Line profile variations in rapidly oscillating Ap stars: resolution of the enigma

We have carried out the first survey of the pulsational line profile variability in rapidly oscillating Ap (roAp) stars. We analysed high signal-to-noise ratio time-series observations of 10 sharp-lined roAp stars obtained with the high-resolution spectrographs attached to the Very Large Telescope and Canada-France-Hawaii Telescope. We investigated in detail the variations of Pr III, Nd II, Nd III and Tb III lines and discovered a prominent change of the profile variability pattern with height in the atmospheres of all studied roAp stars. We show that, in every investigated star, profile variability of at least one rare-earth ion is characterized by unusual blue-to-red moving features, which we previously discovered in the time-resolved spectra of the roAp star gamma Equ. This behaviour is common in rapidly rotating non-radial pulsators but is inexplicable in the framework of the standard oblique pulsator model of slowly rotating roAp stars. Using analysis of the line profile moments and spectrum synthesis calculations, we demonstrate that unusual oscillations in spectral lines of roAp stars arise from the pulsational modulation of linewidths.
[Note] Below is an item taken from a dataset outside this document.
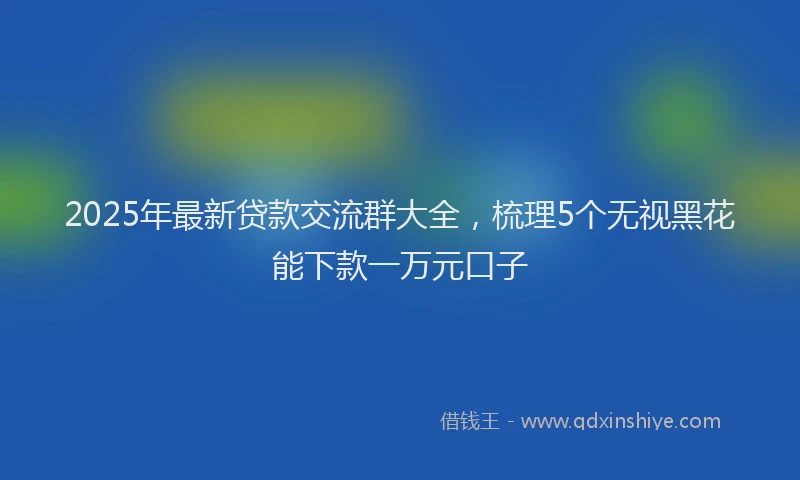 2025年最新贷款交流群大全，梳理5个无视黑花能下款一万元口子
This variation occurs approximately in quadrature with the radial velocity changes, and its amplitude rapidly increases with height in stellar atmosphere. We propose that the linewidth modulation is a consequence of the periodic expansion and compression of turbulent layers in the upper atmospheres of roAp stars. Thus, the line profile changes observed in slowly rotating magnetic pulsators should be interpreted as a superposition of two types of variability: the usual time-dependent velocity field due to an oblique low-order pulsation mode and an additional linewidth modulation, synchronized with the changes of stellar radius. Our explanation of the line profile variations of roAp stars solves the long-standing observational puzzle and opens new possibilities for constraining geometric and physical properties of the stellar magnetoacoustic pulsations.